A Christmas Without Faith – by Christine Lindsay

With Christmas just around the corner, I’m sharing an excerpt from Christmas 1998 a few months before my birth-daughter Sarah and I were reunited in our Adoption Reunion. This excerpt is from my memoirs just released this 2016, Finding Sarah Finding Me

Because Christmas isn’t easy for everyone, at least not every year.

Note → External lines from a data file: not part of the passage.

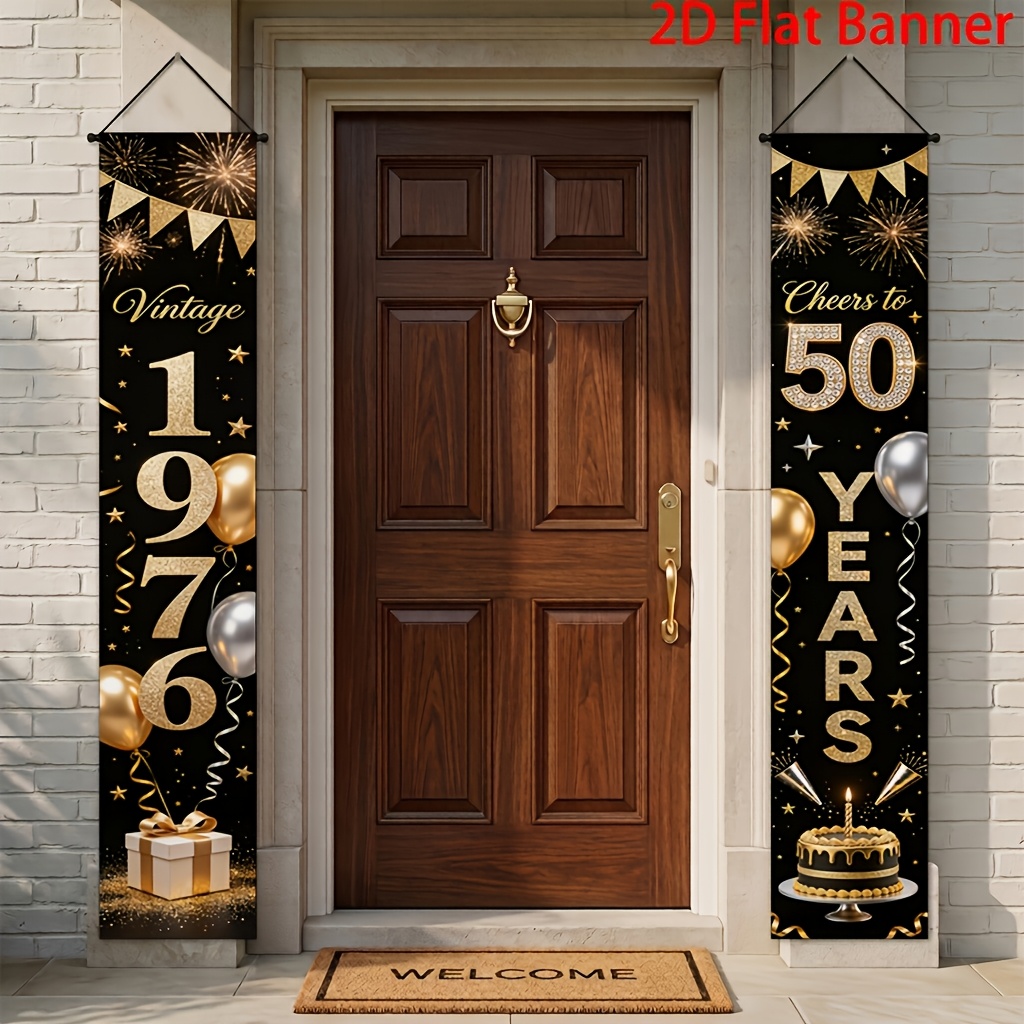 TEMU Striscione 2D Piatto, Set , Striscione per Porta da Portico a Tema Vintage 1976 " Anni" per Festa di 50簞 Compleanno, 30*180cm, Stile Vintage e
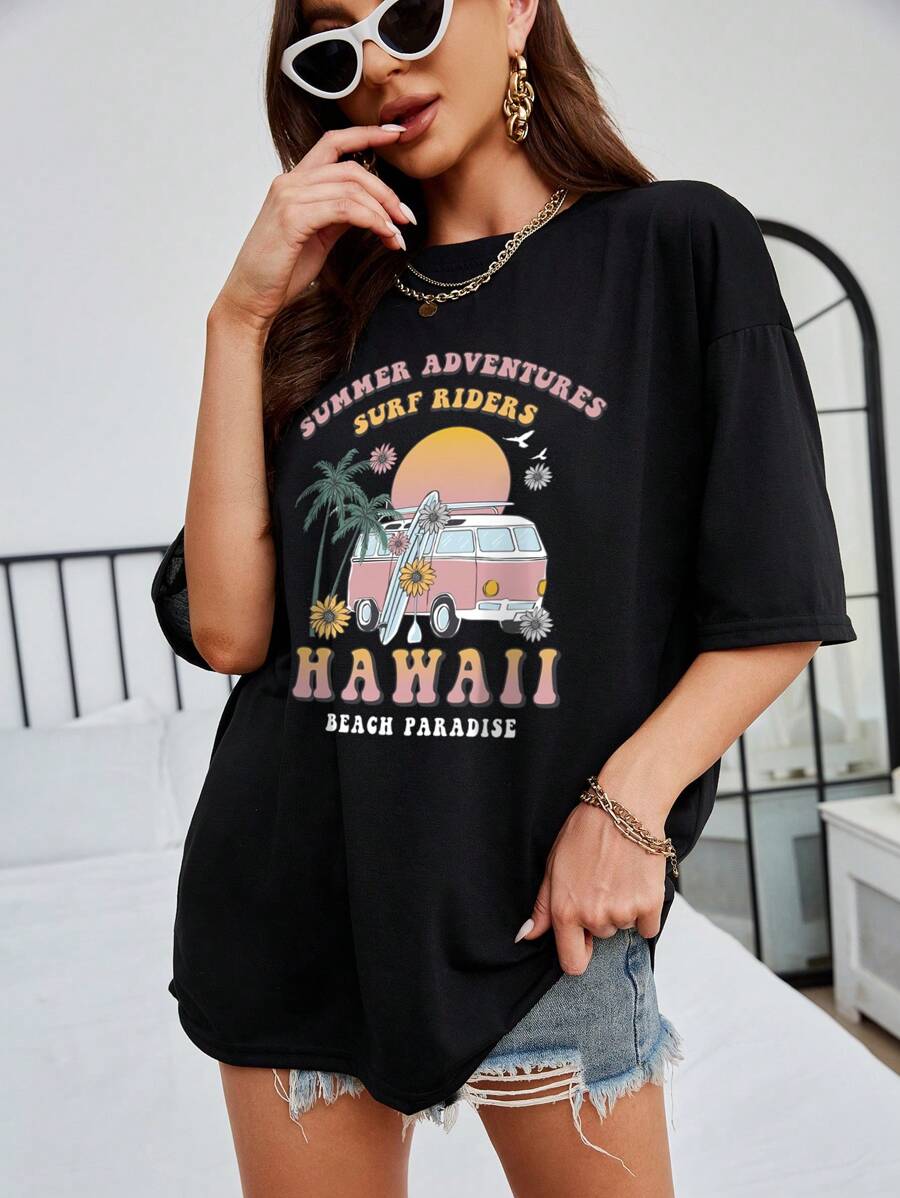 SHEIN EZwear Áo thun nữ Lá thư Nhiệt đới Giải trí - màu đen - Xem 1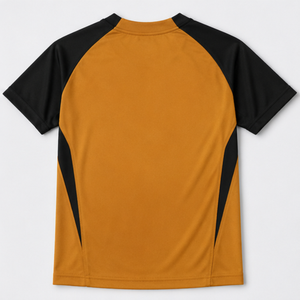 T-shirt à manches raglan pour homme, orange et noir, à blocs de couleur, séchage rapide, coupe classique, décontracté, col rond, tricoté, logo satiné sur le devant avec motif - Product Image 6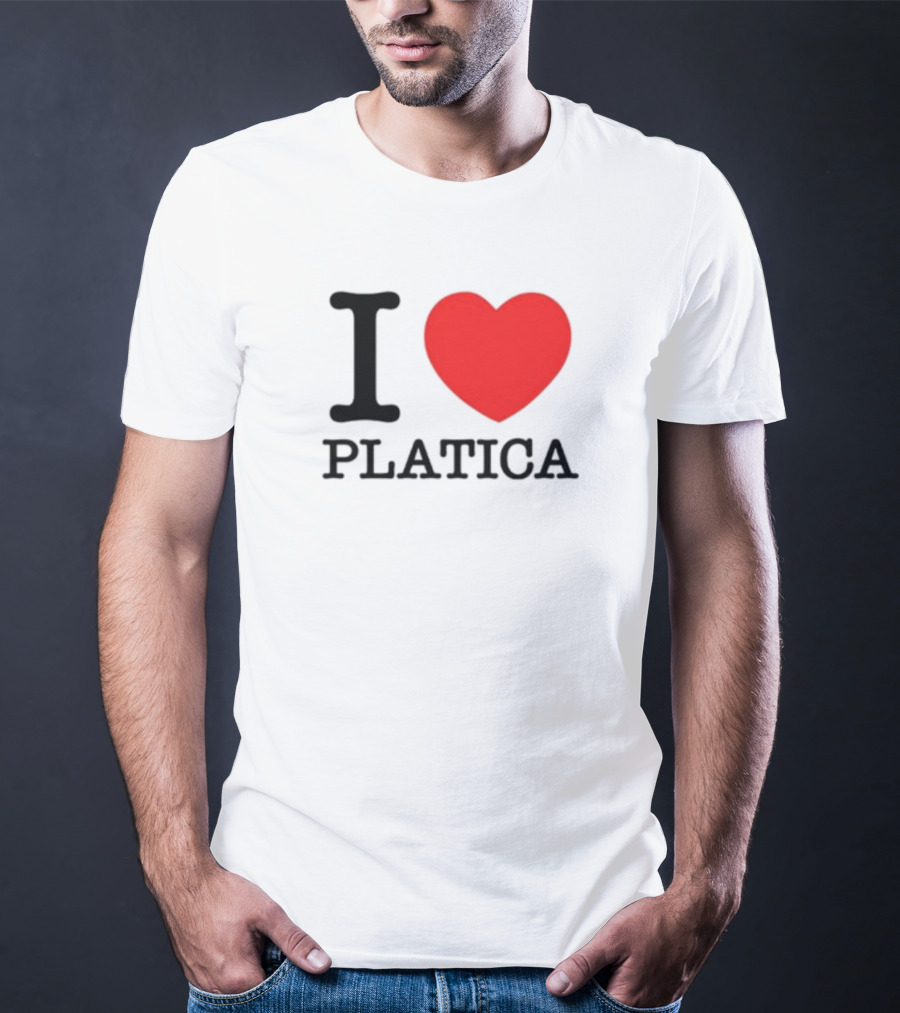 Sazonstudios I Heart Platica Bold Text Red Heart Design T-Shirt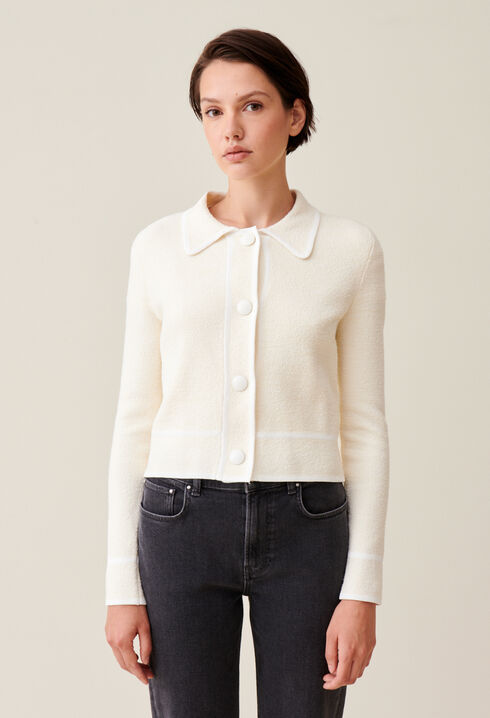 Mottled cardigan with piping
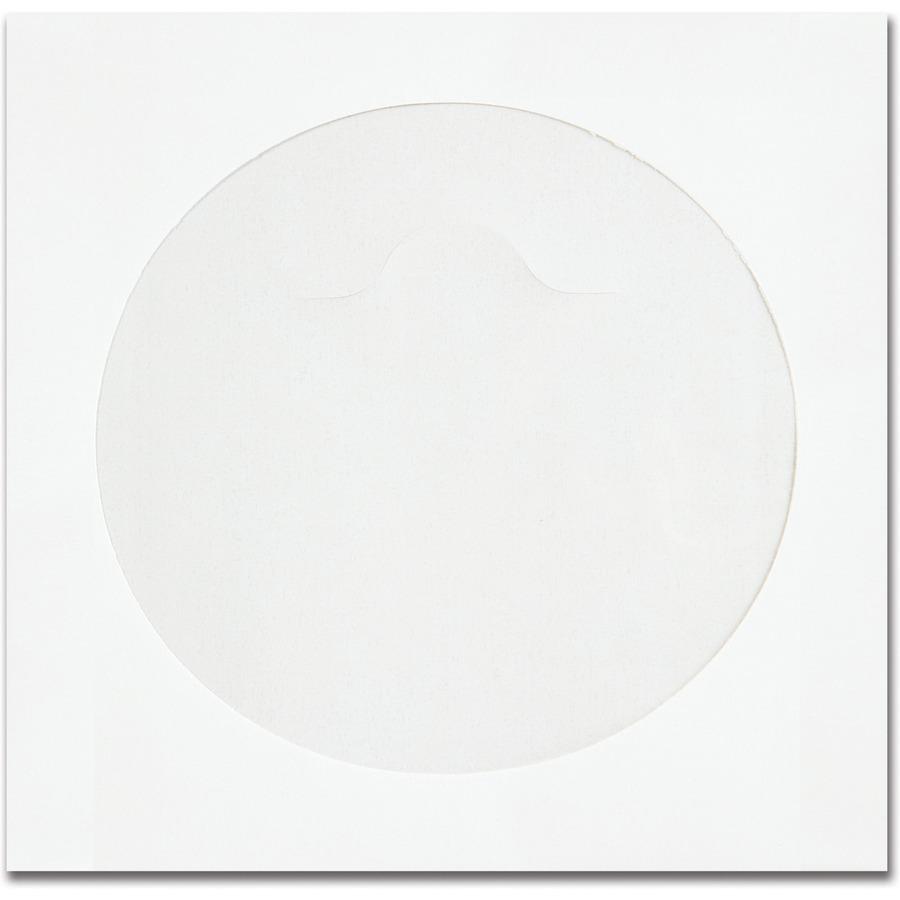 Quality Park Tech-No-Tear CD/DVD Sleeves - CD/DVD - 4 7/8" Width x 5" Length - White - Paper - 100 / Box. Picture 4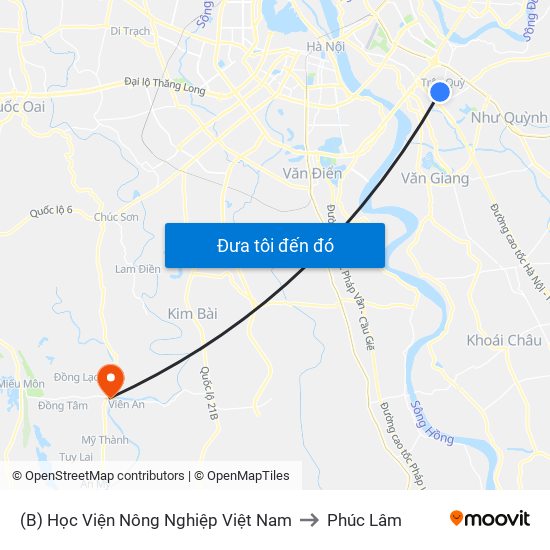 (B) Học Viện Nông Nghiệp Việt Nam to Phúc Lâm map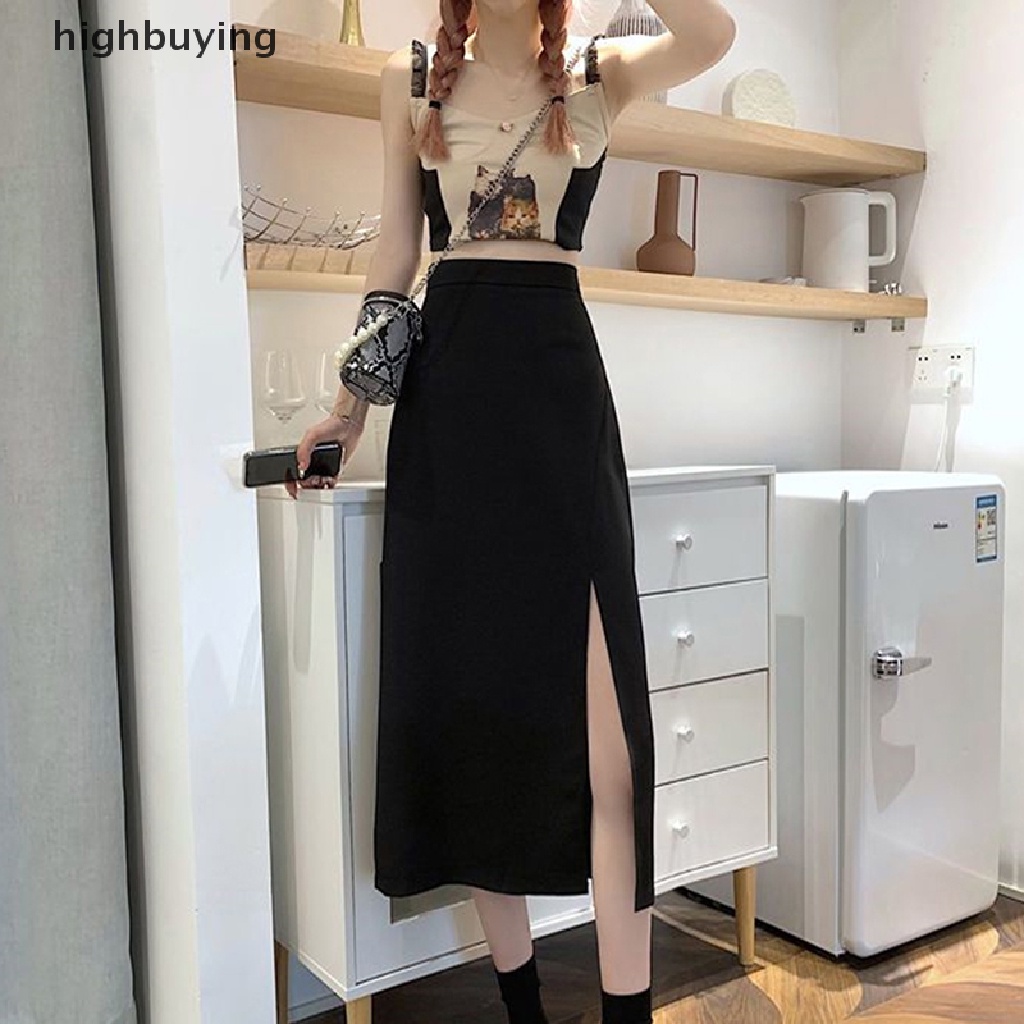 Chân Váy Midi Chữ A Lưng Cao Màu Đen Phong Cách Vintage Thanh Lịch Cho Nữ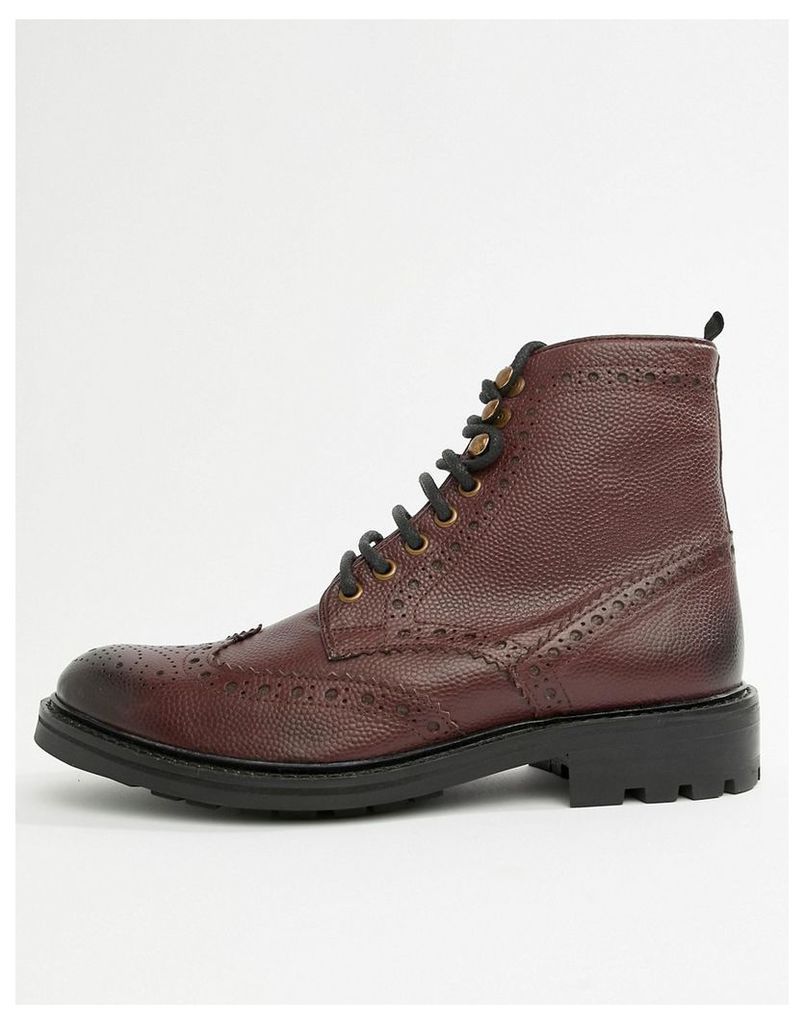 WALK London Sean brogue boots in burgundy leather-Red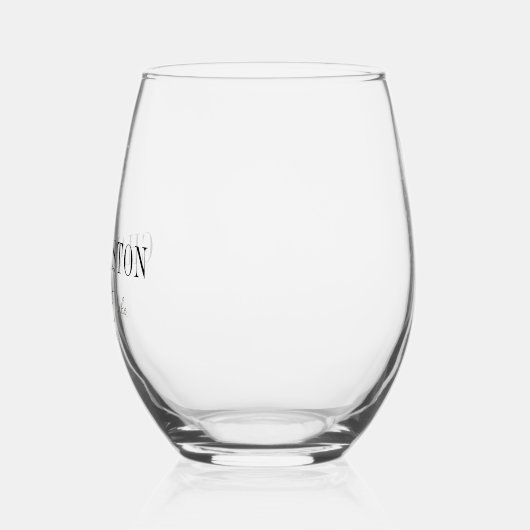 水色パームデスティネーションウェディングのお気に入り ステムなしワイングラス (左)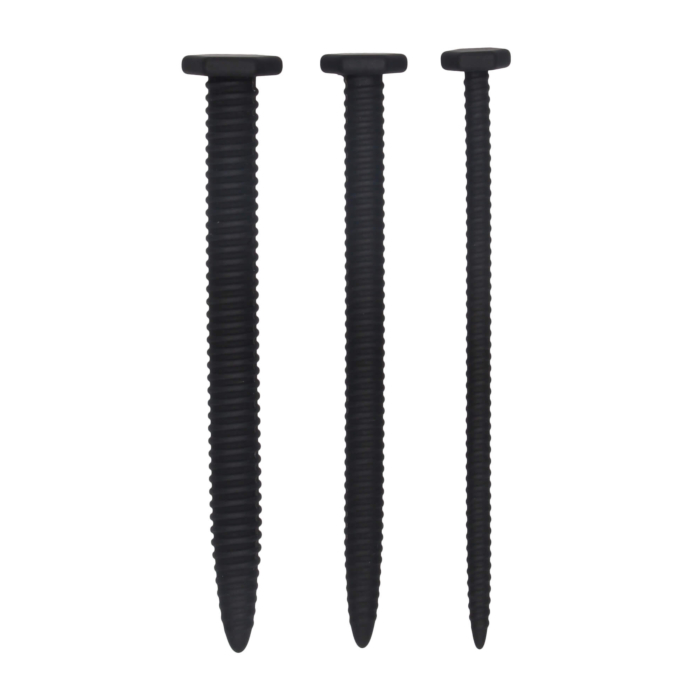 Silicone Screw Plug Set - Urethral Sounding - Black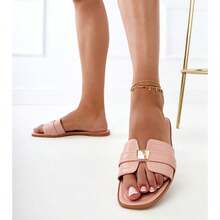 女士粉色拖鞋，带装饰，淡紫色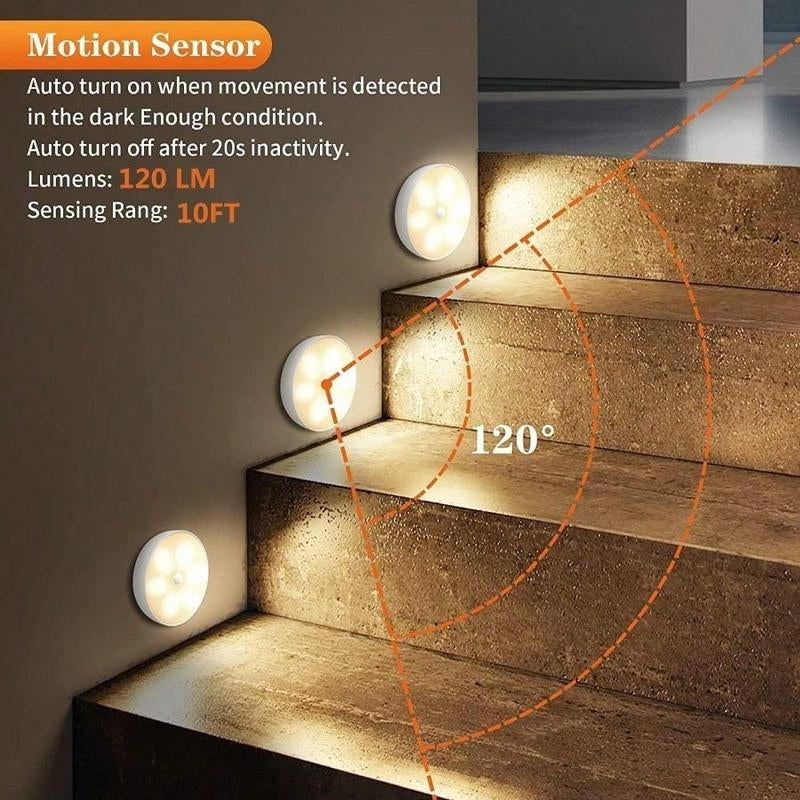 5/10Pcs USB Rechargeable Motion Sensor LED Night Lights - Warm & White, Automatic On/Off, Long-Lasting Battery, Compact Design for Stairs, Bedrooms, Cabinets & Wardrobes, Perfect Holiday Gift, Motion Sensor Light Indoor Rechargeable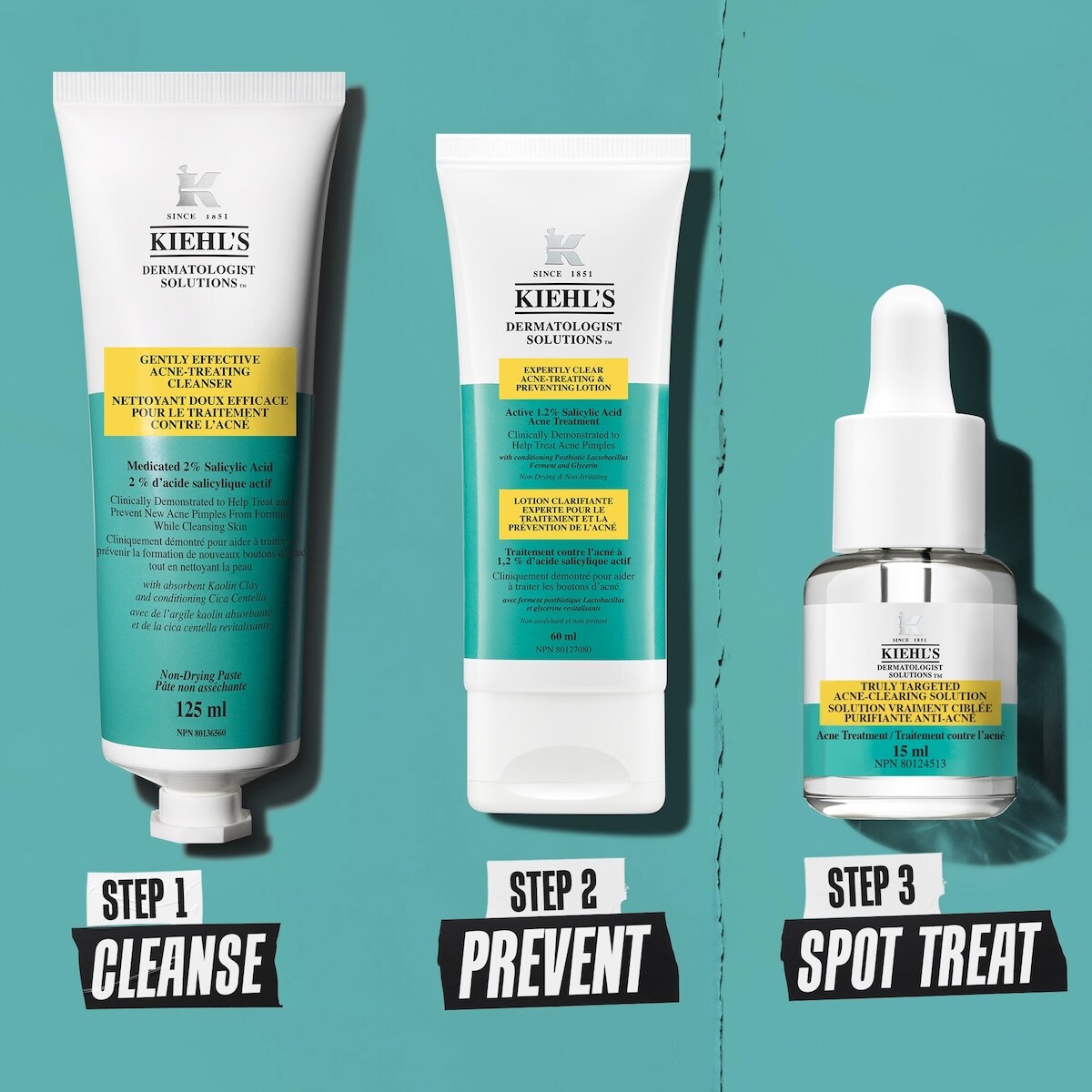 Nettoyant doux efficace pour le traitement contre l'acné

Excerpt from Finding Sarah Finding Me:

A few days later, with the adoption file containing Sarah’s and her parents’ legal names in my hand, I phone the reunion support group. I don’t really know what to expect, but I’d like some advice on the next step toward reunion. The resulting rollercoaster of phone calls in one afternoon comes as a shock. As soon as I tell the other member of the support group, she starts a computer search on the voting registry for Anne and Hans VandenBos. Moments later, feeling again like the Cold War spy, I write Sarah’s home address down on a pad of paper. What do I do with this? Walk up to their door and ring the bell, and say, “Hi, I’m Sarah’s birth mom. Have you been waiting for me as long as I’ve been waiting for you?”
For half a minute I want to giggle. In reality, I need my adoption counselor to smooth the way, and I write Bob a long letter bringing him up to date. A week later he calls.
When I sit in his office again, Bob’s brow puzzles over what could have happened to the first letter I wrote for Sarah. He can’t remember receiving it, but my friend assured me she had delivered it. Bob thinks perhaps he stuck it at the back of an old cabinet when he moved some files.
But nothing ever fazes Bob. With a grin, he asks me to write another letter to Sarah. He’s also been wondering why he hadn’t heard from me since our first talk, and I wonder what happened to the numerous voicemail messages I left him. Is Bob juggling too many counseling cases and put me on the back burner? Had he simply forgotten me? Or maybe Bob has become a bit cavalier doing monumental work, such as taking a baby from one woman to give that baby to another woman. As cavalier as God?
It doesn’t matter though. On this section of the emotional rollercoaster God must have slowed the process in answer to my prayers, to prepare Sarah and her parents for the reunion. And now God is speeding up the process. I can accept this. After all, God is God. I stuff my previous disappointment down deep. The heavenly Father isn’t going to let me down like my earthly dad did.
Meanwhile, Bob leans back in his chair with a chuckle and fills me in on memories he’d been unable to share with me at the time I relinquished Sarah. Nineteen years earlier, Bob and his wife had taken care of Sarah in their apartment at Trinity Western University. It comes as a surprise to me that Bob and Beverly cared for my child the first night she’d been apart from me. I’d always assumed they’d taken her directly from me to her adoptive parents. A slim shaft of hurt arrows through my ribcage, cutting off my breath. As if I’d been kept in the dark all those years ago. When Bob had phoned me that night after I’d come home from hospital I’ had no idea my baby slept in his arms.
If I’d known then, would I have asked for her back?
But I shake off this tiny sense of betrayal. It no longer matters. Now the search is back on track, and I can afford to laugh….
….That sweet little memory of Bob’s erases a tiny bit of that new shadow in me, that sense of loss, knowing now where she’d actually been after I’d said goodbye. I stuff my jealousy deep into a crevice of my heart.
Before I leave Bob’s office, he says, “It’s only a few weeks until Christmas. Better wait until after New Year to deliver your letter to Sarah and her parents, so we don’t intrude upon their family time.” Family time. I nod and smile, but inside I shrivel. I understand. Still, hurt stabs once more that I’m not considered family. And David and our kids aren’t family to Sarah either. The desire to run and hide shrouds me again. So much for my confidence of only moments ago. Oh, who am I kidding?
The fear of rejection continues to hammer me on the drive home. During the Christmas holidays I leave a voicemail for Bob that it would be best to call the whole thing off. Better to stay in the shadows, let Sarah live her life without the awkward addition of a birth mother who doesn’t really fit into any family dynamic.
Bob calls back that night. “You’ve trusted God all these years, Christine. Don’t stop trusting now.”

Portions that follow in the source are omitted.